Ordering of files during the mergesort


I am interested in one topic, suppose that we have eight file, each containing 1 billion integers, and we should combine these files together into 8 billion integers files, all of them in each files are sorted. Of course, task is easy if we make 8 pass mergesort, but my question is, is it important ordering of files, in which order we should make combination on them? For example at the beginning, instead of combine first and second files, create new M file and combine with third file, maybe sometimes combination of second and third and then with first one would be more profitably? I think my question is clear. Does ordering of files during mergesort procedure matter?
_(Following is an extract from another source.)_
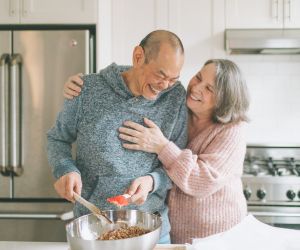 Older adults cooking in a kitchen.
If so, how can we choose optimal one?


Solution

  • It's probably optimal to do an 8-way merge sort without intermediate files. Open 8 file handles, find the smallest integer from all 8, write that to the output file and read the next integer from that file. You could probably manage an 8-element array of your 8 sources (holding a file handle and the last value read), using an insertion sort.

    As far as ordering goes, if you could only merge two files at a time, I would probably merge the smallest files first. Simplify your example and you can see why.

    • Assume you have 3 files, with 1, 2 and 100 records in them.

    • If you merge the 1 & 2 into a temp file with 3 records, and then merge that with the 100, you'll have read 106 records and written 103.

    • If you instead merge the 1 & 100 into a temp file with 101 records, and then merge that with the 2, you'll have read 204 records and written 103.